Innanzitutto scaricare il pacchetto WGA PERMANENT KIT ( in fondo all’articolo trovi il link) all’interno del quale, una volta scompattato troverete quattro programmini (vedi foto dimostrativa). Per scompattarlo abbiamo bisogno del programma winrar (in fondo trovi il link per scaricare)

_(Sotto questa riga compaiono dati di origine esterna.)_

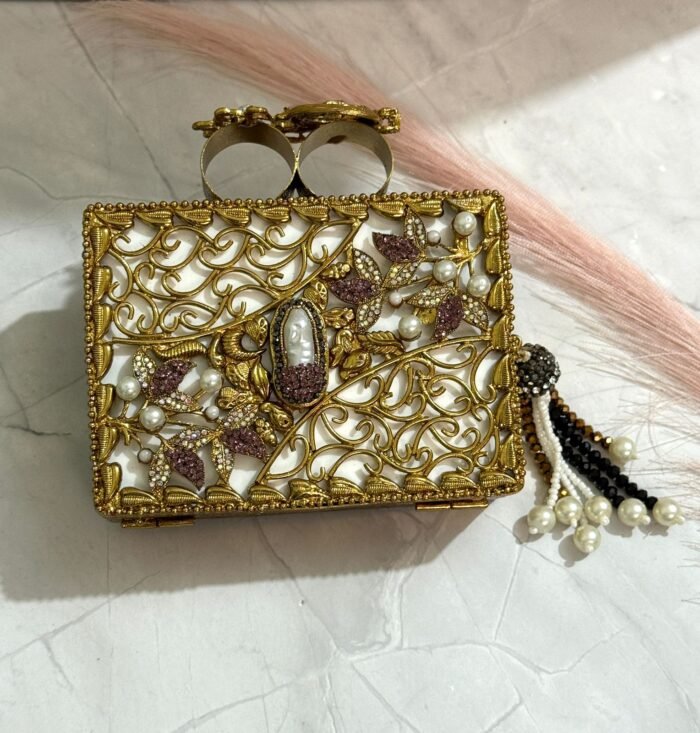 A black clutch with gold floral embellishments, large crystals, pearls, and a pearl tassel, placed on a marble surface.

Lanciate il programma keyfinder che vi permettera di modificare il vostro codice seriale dal menu Options -> Change Windows Key. Vi apparirà una serie di caselle vuote nelle quali copierete un seriale valido generato nel contempo da Windows xp Keygen. Vi ricordiamo che abbiamo dovuto usare la versione VLK per la questa guida, ma voi usate la versione di xp che avete. Ora che lo avete inserito cliccate sul tasto change e otterete, se tutto è andato bene, il messaggio che l’operazione è riuscita.
Ora passiamo al fix vero e proprio. Eseguiamo il programma Wga fix e ad operazione avvenuta scarichiamo dal sito microsoft un programma che richiede l’autenticazione, se non già installato. Questi programmi sono quelli che nella sezione download hanno vicino al loro nome la stellina per la richiesta di convalida. Ora lanciamo un tool per il test: il programma MGADiad.exe il quale cliccando sul tasto continue ci dovrebbe dare la scritta in verde Genuine. Altrimenti abbiamo sbagliato qualcosa e dobbiamo ritentare da capo.
Una volta completata la procedura la nostra copia è riconosciuta dai server Microsoft perfettamente originale e genuina. Si possono scaricare tutti gli aggiornamenti senza incorrere nei fastidiosi avvisi di non originalità del sistema operativo. Con questa guida abbiamo voluto anche dimostrare che il sistema operativo Microsoft Windows xp è vulnerabile ed è anche crackabile.
Questa Tecnonews è a solo scopo dimostrativo e non invita gli utenti a crackare copie non originali di Windows xp, ma è redatta con l’unico intento di dimostrare una pecca nel sistema di convalida dei sistemi operativi Microsoft.